- Born: November 19, 1880 Pennington, New Jersey, US
- Died: October 19, 1959 (aged 78)
- Buried: Arlington National Cemetery
- Allegiance: United States
- Branch: United States Navy
- Service years: 1906–1950
- Rank: Rear Admiral
- Unit: U.S. Naval Railway Batteries
- Commands: Naval Cost Inspection Service
- Wars: World War I World War II

= Frank Baldwin (admiral) =

American naval officer (1880–1959)

Frank Baldwin (November 19, 1880 – October 19, 1959) was an American naval officer from Pennington, New Jersey.

== Military career ==
Baldwin was commissioned into the Supply Corps in 1906. During the First World War, Baldwin served with the U.S. Navy's railway batteries, with which he saw service in the Aisne-Marne and Meuse-Argonne offensives. During the Meuse-Argonne offensive, all but one of the U.S. Navy's railway batteries was dedicated to bombarding German communication lines.

In 1937, Baldwin graduated from the Naval War College, and in August 1941 he went on to command the Naval Cost Inspection Service.

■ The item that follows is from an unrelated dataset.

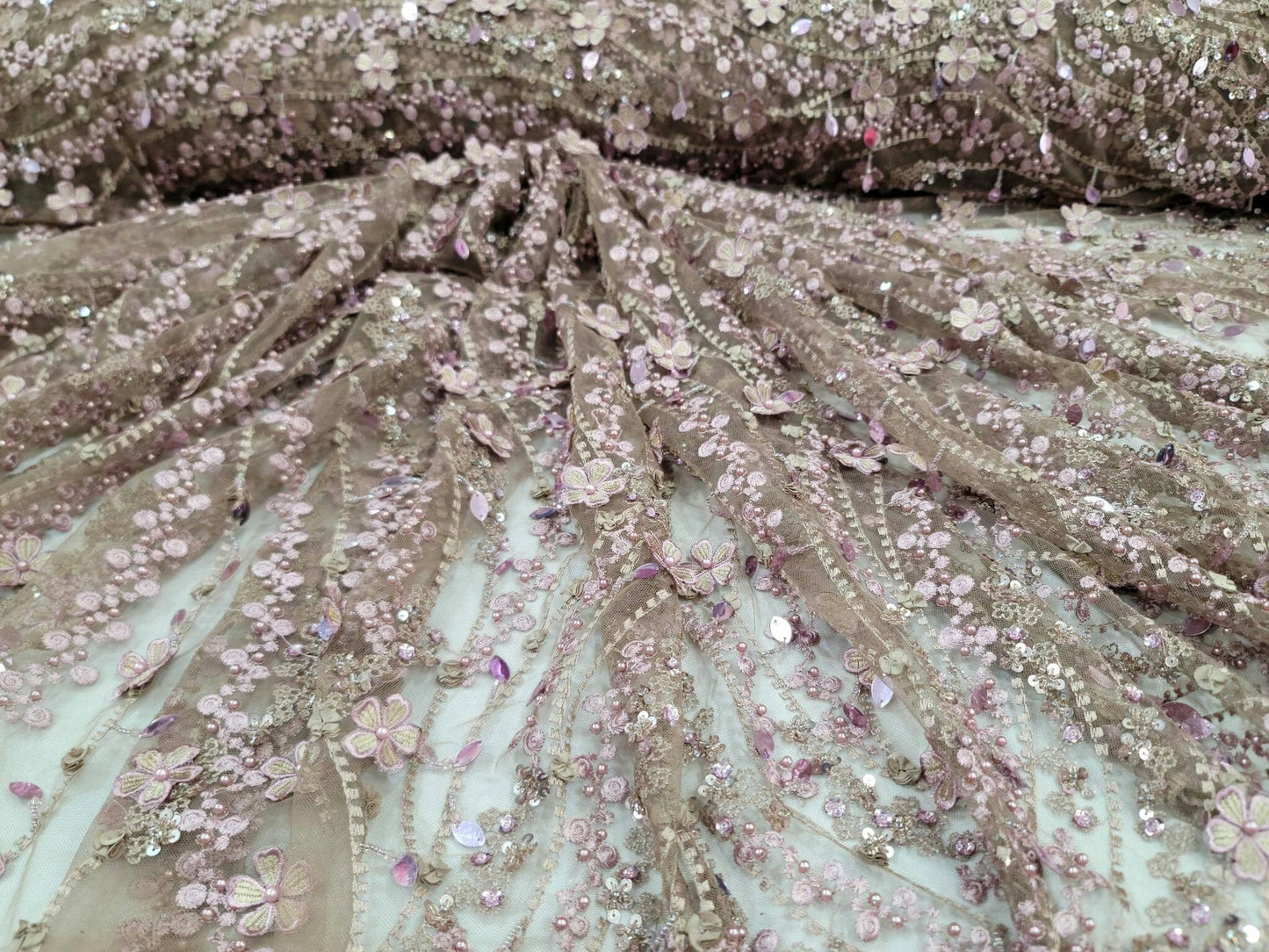 Mauve Beaded Lace 3d Embroidery Floral Flowers Hanging Sequin Taupe Mesh Fabric By The Yard Prom Bridal Fashion Quinceañera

In 1942, Baldwin was promoted to rear admiral, before retiring in 1944. He was immediately recalled to active duty as director of the Cost Inspection Service, a position he would hold until 1950, when he retired once more.

== Civilian life ==
During his retirement, Baldwin was heavily involved in the Navy Mutual Aid Association (NMAA), where he filled the role of chairman of the finance committee multiple times and that of second vice-president for the association in 1955.

Frank Baldwin died on 19 October 1959, aged 78. He is buried at Arlington National Cemetery.